Cette virginité n’est pas un fardeau qu’il vous faut assumer à tout prix; ce n’est pas un carton autour de votre cou. C’est votre histoire, qui vous appartient. Être vierge ne signifie pas que vous ne savez rien faire –et j’ai au contraire connu des partenaires loin d’être vierges à qui il manquait parfois le mode d’emploi.
Je pense que c’est surtout la façon d’aborder le sujet qui n’est pas la bonne. Ne pensez pas: «Je suis vierge, il va s’en rendre compte, je dois le prévenir avant». Pensez plutôt en termes de désir –du vôtre, et du sien à votre égard.

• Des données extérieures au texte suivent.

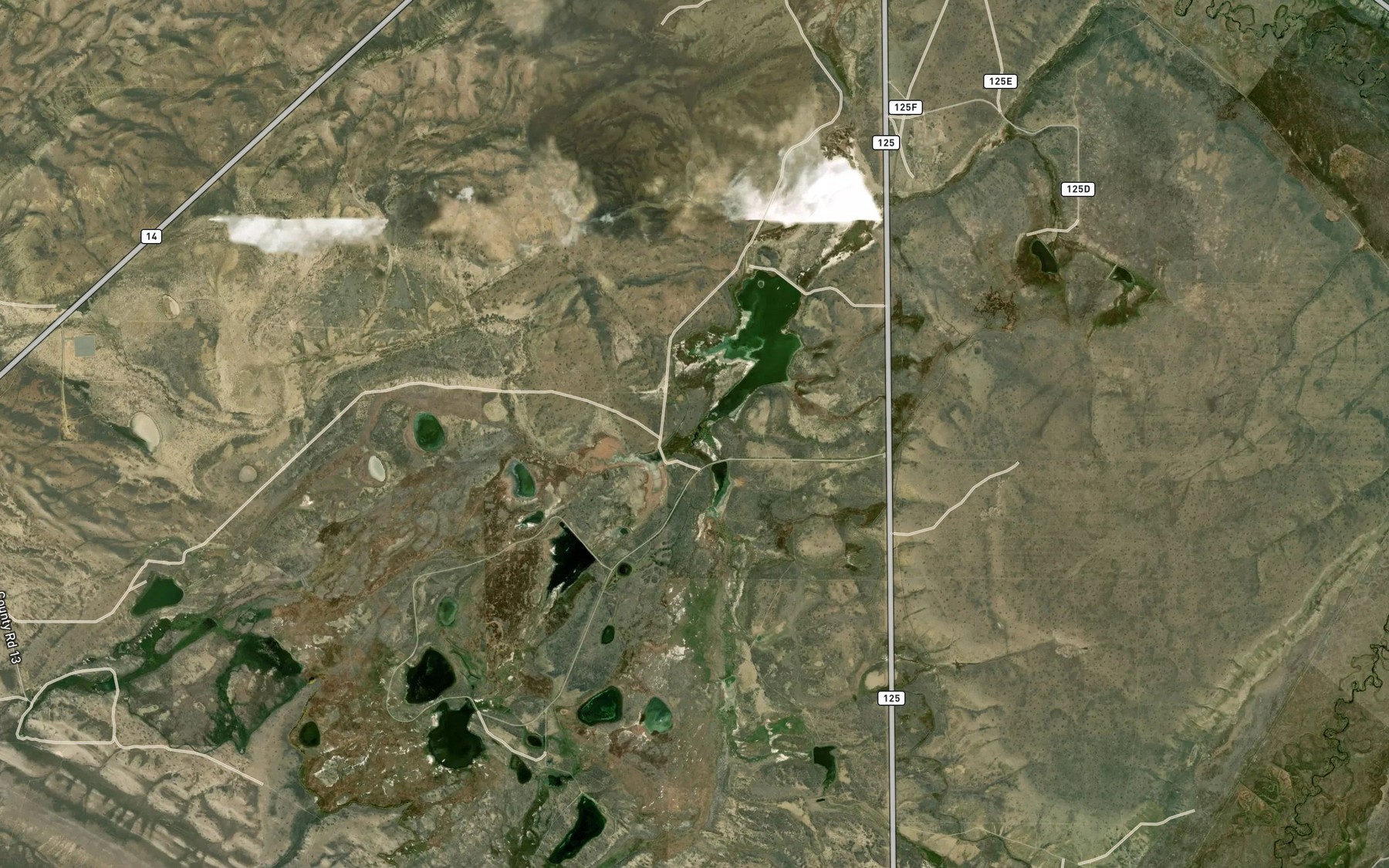 Satellite map of the Antelope Creek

Chaque nouveau partenaire marque une première fois: on redécouvre des désirs, des plaisirs qui sont uniques. Apprenez d’abord à appréhender votre corps, à vous toucher et à vous laisser toucher, avant de penser à sortir les grands mots. Vous aurez bien le temps, si vous en avez envie, de raconter votre histoire à une personne qui aura gagné votre confiance et dont vous aurez la certitude qu’elle ne vous jugera pas.
Petit pas par petit pas, à deux, même avec des parcours accidentés, c’est bien aussi.